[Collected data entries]
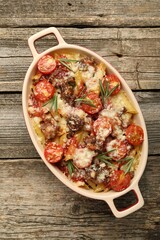 Delicious pasta casserole with cheese, tomatoes, minced meat and rosemary in baking dish on wooden table, top view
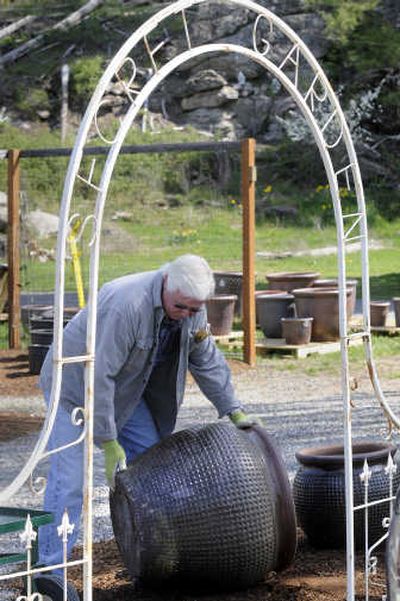 
Ed Peck rolls out a 35-gallon garden container for a customer at the Secret Garden in Spokane Valley. 
 (Dan Pelle / The Spokesman-Review)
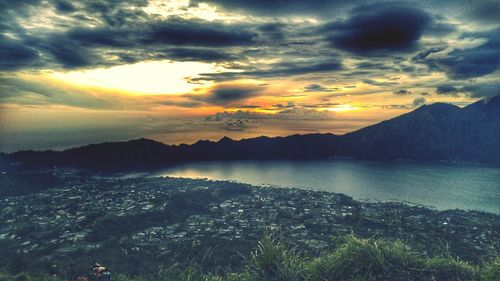 Scenic view of lake against dramatic sky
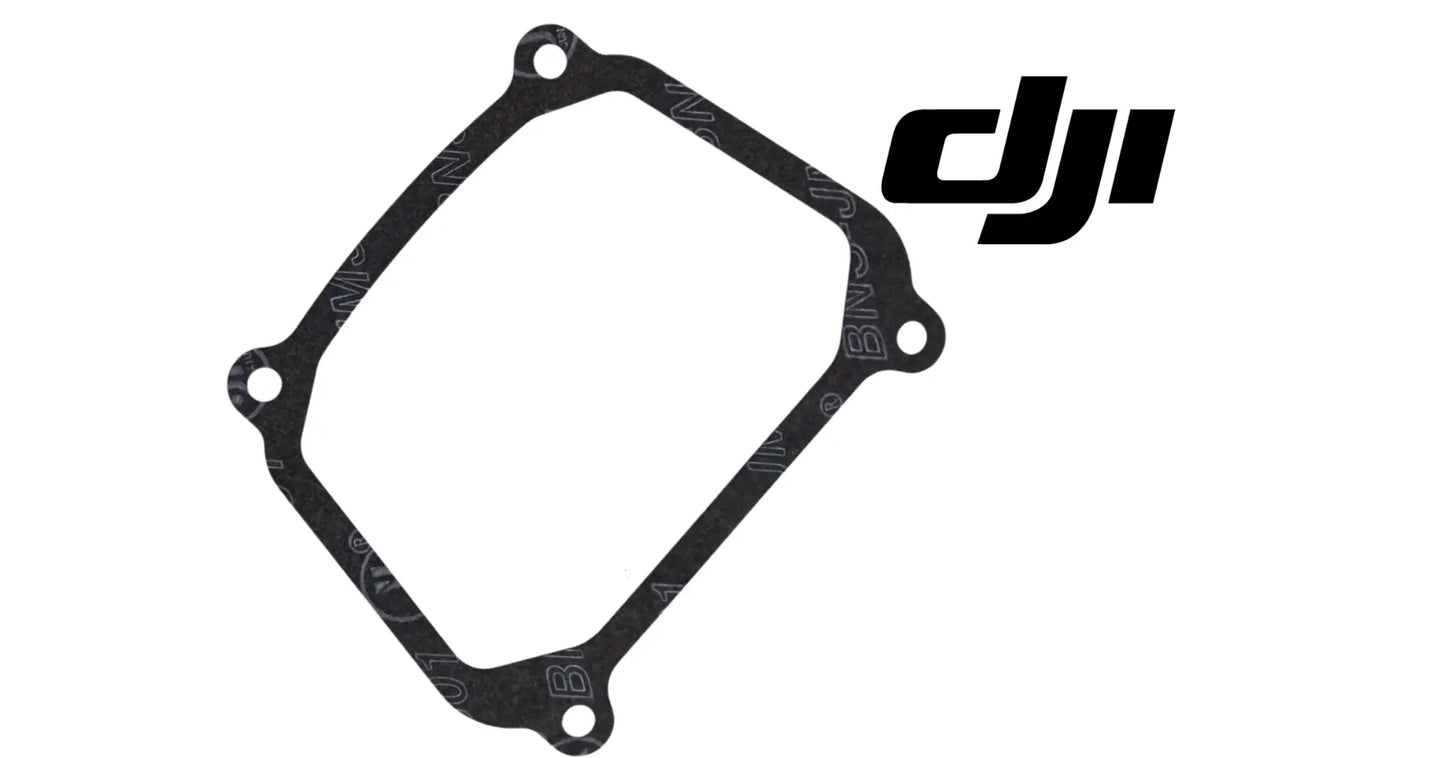 DJI gasket seal for cover plate, angled view of black square rubber with four holes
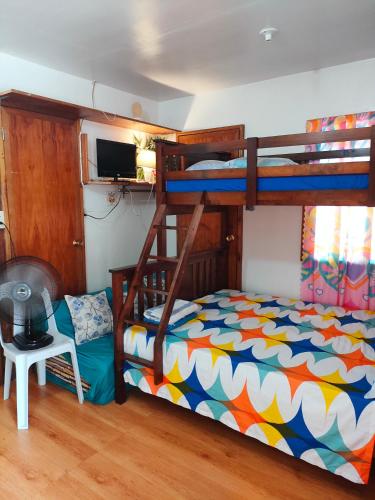 a bedroom with two bunk beds and a chair at Puerto Galera Transient Kubo Guest Place in Puerto Galera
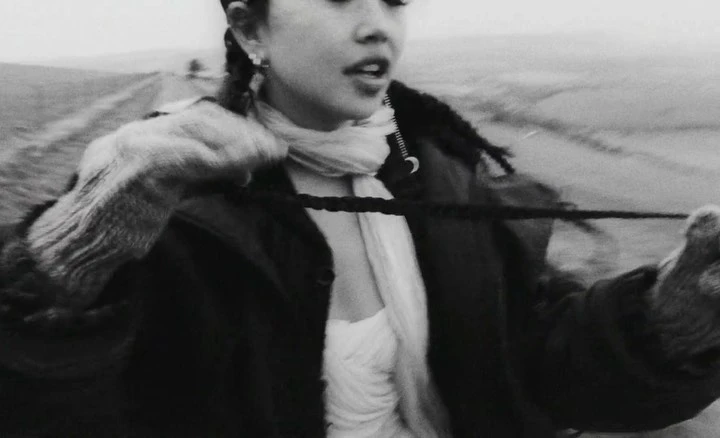 Monochrome close-up of a woman in a coat and scarf standing in a field, with braids, earrings, and a somber expression.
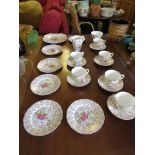 BONE CHINA SIX SETTING TEA SERVICE WITH GILT AND FLORAL DECORATION.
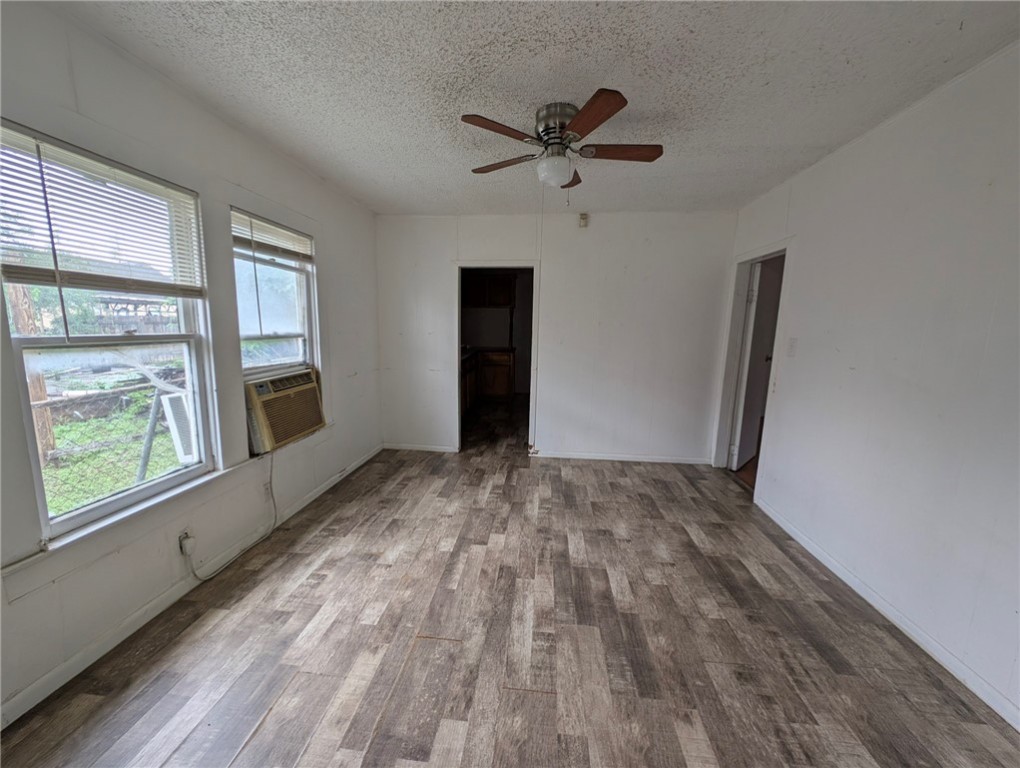 1114 11th Street Corpus Christi, TX 78404 - Photo 7 of 16 a view of empty room with wooden floor and fan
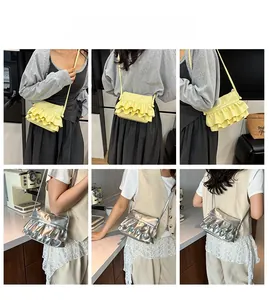 Detail showing ruffled crossbody bag in bright yellow and silver with shiny finish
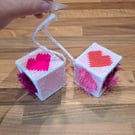 Novelty hanging cubes with pink hearts and sucker-cup attachment 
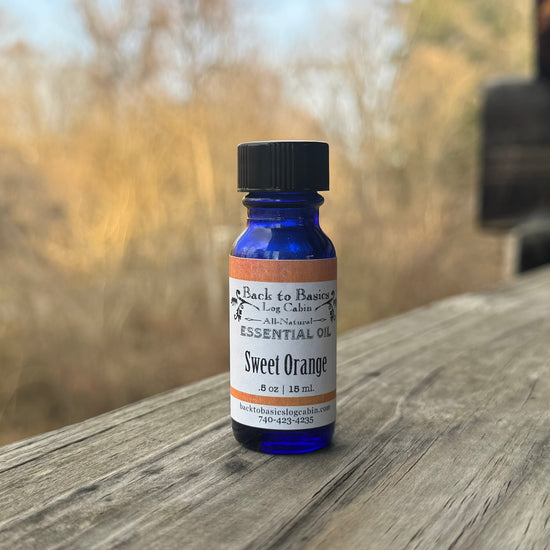 Bottle of sweet orange essential oil on a wooden surface with a blurred natural background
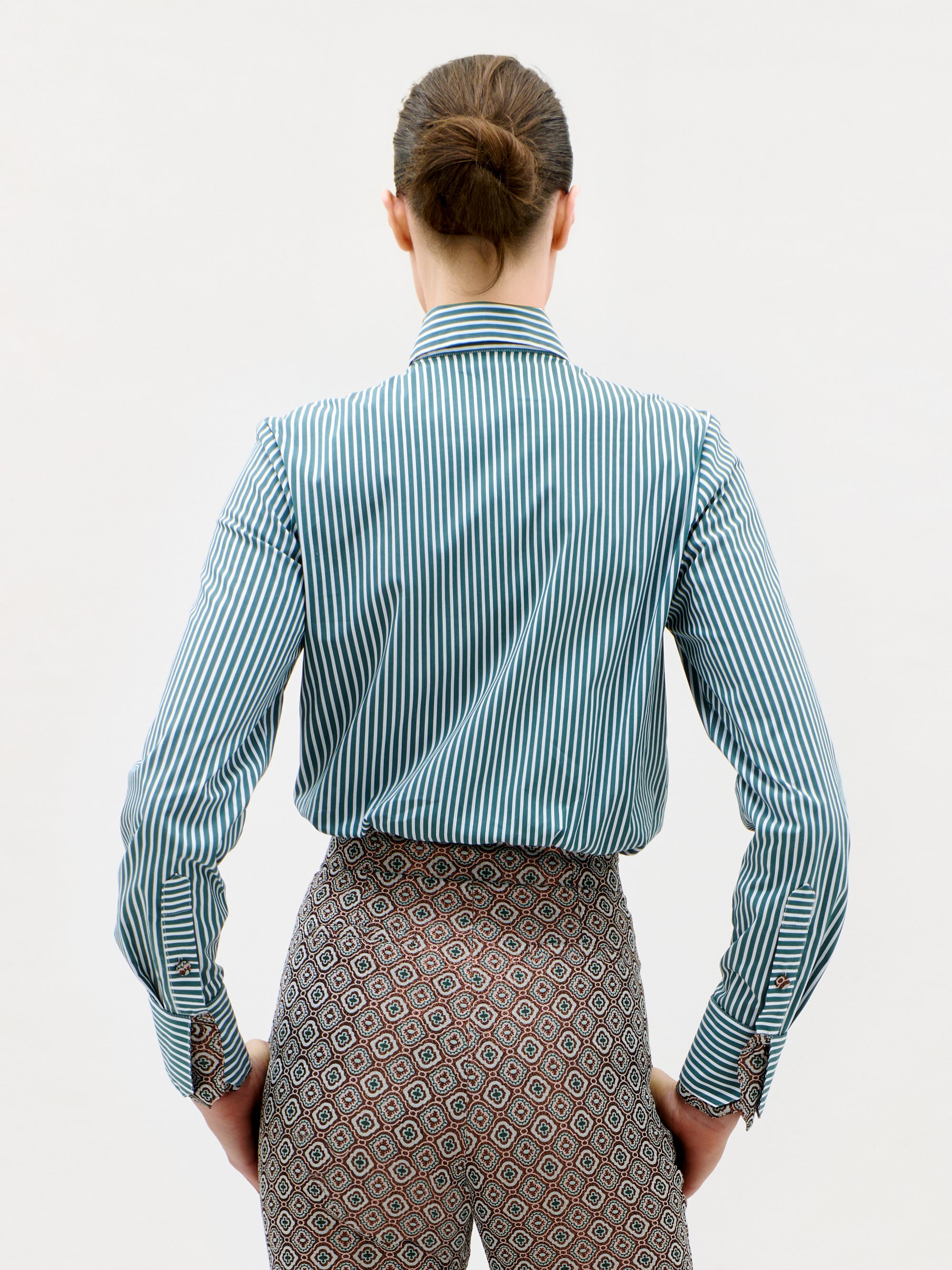 A person with brown hair in a bun faces away, wearing the Linnea Shirt—a blue and white vertical striped shirt—paired with patterned pants, against a plain white background.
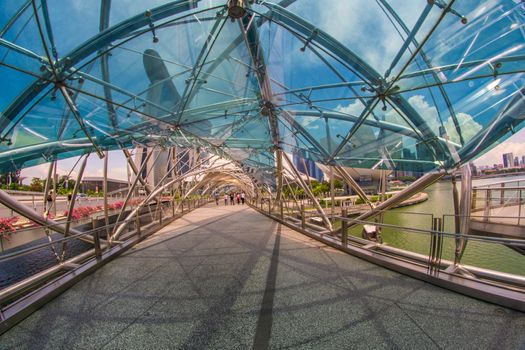 Singapore - APRIL 20 2018: Scenic view of the Helix Bridge. The Marina Bay Sands Hotel with the SkyPark on the top of towers is visible on blue sky background. Wonderful cityscape.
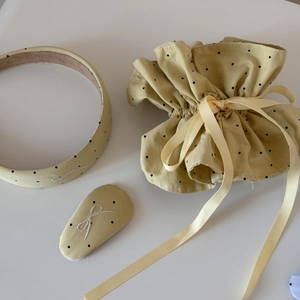 Detailed embroidery of white bows on yellow polka dot fabric hair accessory set
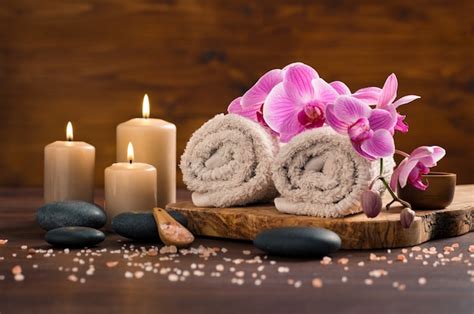 premium photo spa setting  brown rolled towel  orchids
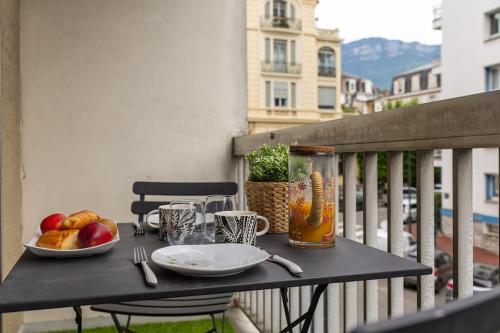 une table avec des assiettes de fruits sur un balcon dans l'établissement Studio Victoria CHIC,au cœur du centre ville, à Aix-les-Bains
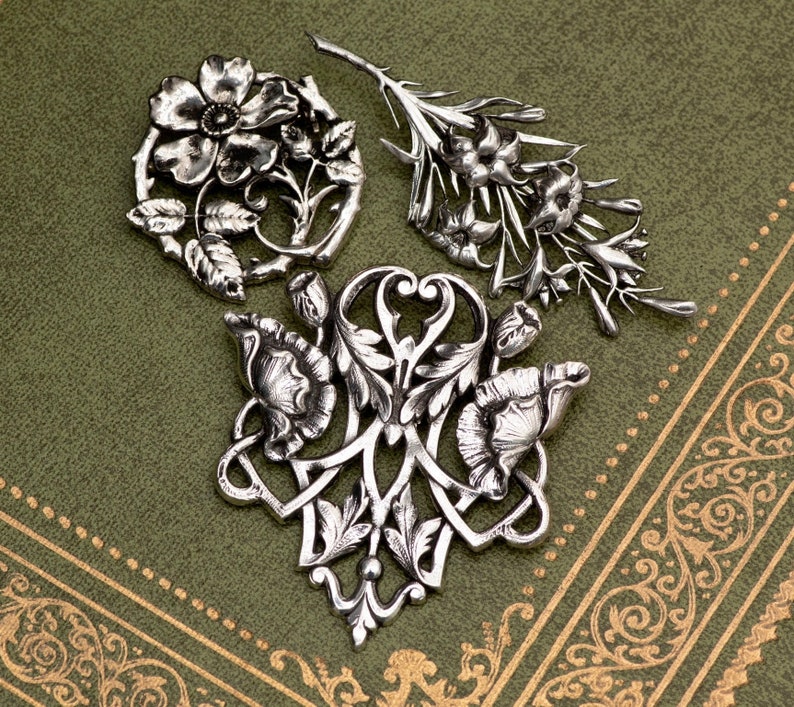 May include: Three silver-toned floral brooches with intricate details are displayed on a green surface. The brooches feature various flower and leaf designs, including a circular arrangement, a sprig, and a stylized floral shape. The background has a decorative border.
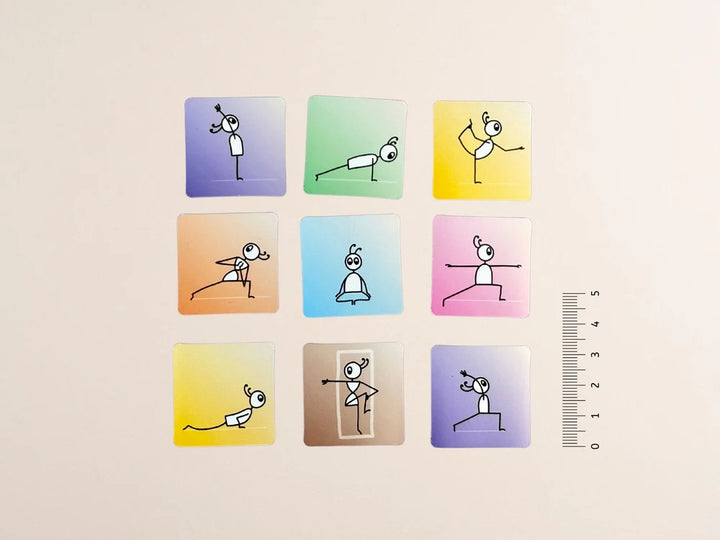 A set of nine Yoga Sequencing Magnets in a 3x3 grid on a light beige background. Each card has a different pastel gradient color (purple, green, yellow, orange, blue, pink, yellow, brown, and purple) and features a simple black line drawing of a  performing various yoga poses - Yoga Journaling | Eco Yoga Store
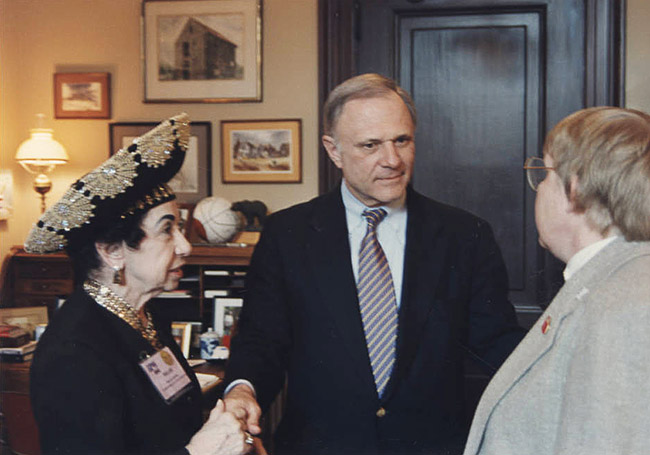 Older white woman speaking with two older white men in suits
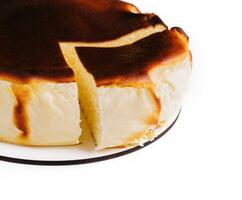 San sebastian cheesecake on plate isolated photo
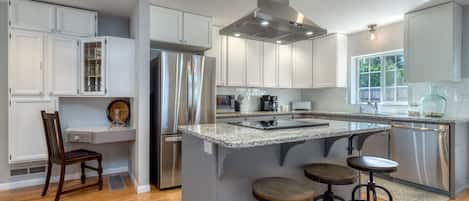 Una cocina moderna con armarios blancos, electrodomésticos de acero inoxidable y una isla central con taburetes de bar.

REQUIREMENT:
Repeat the data exactly as written, but without the pictures.

SOLUTION FOR THIS TASK:
 Delicious pasta casserole with cheese, tomatoes, minced meat and rosemary in baking dish on wooden table, top view
Ed Peck rolls out a 35-gallon garden container for a customer at the Secret Garden in Spokane Valley. 
 (Dan Pelle / The Spokesman-Review)
 Scenic view of lake against dramatic sky
 DJI gasket seal for cover plate, angled view of black square rubber with four holes
 a bedroom with two bunk beds and a chair at Puerto Galera Transient Kubo Guest Place in Puerto Galera
 Monochrome close-up of a woman in a coat and scarf standing in a field, with braids, earrings, and a somber expression.
 BONE CHINA SIX SETTING TEA SERVICE WITH GILT AND FLORAL DECORATION.
 1114 11th Street Corpus Christi, TX 78404 - Photo 7 of 16 a view of empty room with wooden floor and fan
 Detail showing ruffled crossbody bag in bright yellow and silver with shiny finish
 Novelty hanging cubes with pink hearts and sucker-cup attachment 
 Bottle of sweet orange essential oil on a wooden surface with a blurred natural background
 A person with brown hair in a bun faces away, wearing the Linnea Shirt—a blue and white vertical striped shirt—paired with patterned pants, against a plain white background.
 Singapore - APRIL 20 2018: Scenic view of the Helix Bridge. The Marina Bay Sands Hotel with the SkyPark on the top of towers is visible on blue sky background. Wonderful cityscape.
 Detailed embroidery of white bows on yellow polka dot fabric hair accessory set
 premium photo spa setting  brown rolled towel  orchids
 une table avec des assiettes de fruits sur un balcon dans l'établissement Studio Victoria CHIC,au cœur du centre ville, à Aix-les-Bains
 May include: Three silver-toned floral brooches with intricate details are displayed on a green surface. The brooches feature various flower and leaf designs, including a circular arrangement, a sprig, and a stylized floral shape. The background has a decorative border.
 A set of nine Yoga Sequencing Magnets in a 3x3 grid on a light beige background. Each card has a different pastel gradient color (purple, green, yellow, orange, blue, pink, yellow, brown, and purple) and features a simple black line drawing of a  performing various yoga poses - Yoga Journaling | Eco Yoga Store
 Older white woman speaking with two older white men in suits
 San sebastian cheesecake on plate isolated photo
 Una cocina moderna con armarios blancos, electrodomésticos de acero inoxidable y una isla central con taburetes de bar.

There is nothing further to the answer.